Represent model states using vector locations.
Start by randomly placing ‘particles’ (guesses) into the sample space.
Reveal new observations (measurements) that you want the model to converge on.
Check the proximity of each particle to the observation.
Promote the weights of particles that guessed the best.
What is Likelihood Weighting?
Technique in Probabilistic Inference.
Use the likelihood of each outcome from previous results to influence the future predictions.
What are Embeddings?
In Natural Language Processing, Embeddings are a way of representing words, phrases, or whole sentences as numeric vectors.
What is Bag-of-Words?
The simplest form of NLP.
Grammar and sentence structure are omitted, you just have words and their frequencies.
+ Very simple and fast.
- Ignores word order and context.
- Cannot handle synonyms.
What is TF-IDF?
Term Frequency - Inverse Document Frequency
A method of selecting the most important words using inverse frequency.

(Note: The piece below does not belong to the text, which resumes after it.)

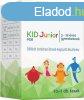 PROGASTRO KID J. POR 3-12V 10+1TASAK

Words like ‘the’ or ‘is’ come up very often, so they have a reduced importance.
TF-IDF = TF * IDF
TF = (number of times word appears in document) / (total words in document)
IDF = log( (total number of documents) / (number of documents containing the word) )
What are Transformers?
In NLP, Transformers are Deep Learning models that process entire sentences in parallel and are able to capture context through self-attention.
What are the main components of a Transformer?
- Input Embeddings
- Positional Encoding
- Self-Attention
- Multi-Head Attention
- Feed-Forward Networks
- Layer Normalisation and Residuals
- Encoder and Decoder Blocks
What is Deontology in Ethics?
A Kant idea.
Looks at actions as right or wrong.
Uses the Maxem of Universality; would it be okay if everyone did it?
What is Utilitarianism in Ethics?
An idea from Jeremy Bentham.
Looks at consequences, and prioritises the greatest good for the greatest number of people.
What is Consequentialism in Ethics?
A more general form of Utilitarianism that seeks a good consequence rather than the best outcome for the most people.
What is Virtue in Ethics?
It’s not about what you do but about who you are.
What is Zipf’s Law?
When a list of measured values is stored in descending order, the value of the nth entry is inversely proportional to n.
In NLP, this means that words that appear more frequently in text are less valuable to the meaning.
What are the 5 biggest challenges in NLP?
- Ambiguity (a word or phrase can have multiple meanings).
- Anaphora (referring back to something already mentioned, e.g. pronouns).
- Indexicality (where direct meaning depends on context, e.g. the meaning of “now” depends on when is was said or “I” depends on by whom).
- Metonymy (context-dependent synonym, e.g. “government has said”).
- Non-compositionality (a phrase that cannot be derived when considering each individual word, e.g. idioms).
How does the A* algorithm work at a low level?
3 Variables
- G: Cost of path so far (previous node + arc distance)
- H: Distance from target (heuristic; optimistic; <=traversable distance)
- F: G + H
Calculate the F value for each option and always select the smallest one until you find the target.
If you have multiple options with the same F value, select the one with the smaller H value.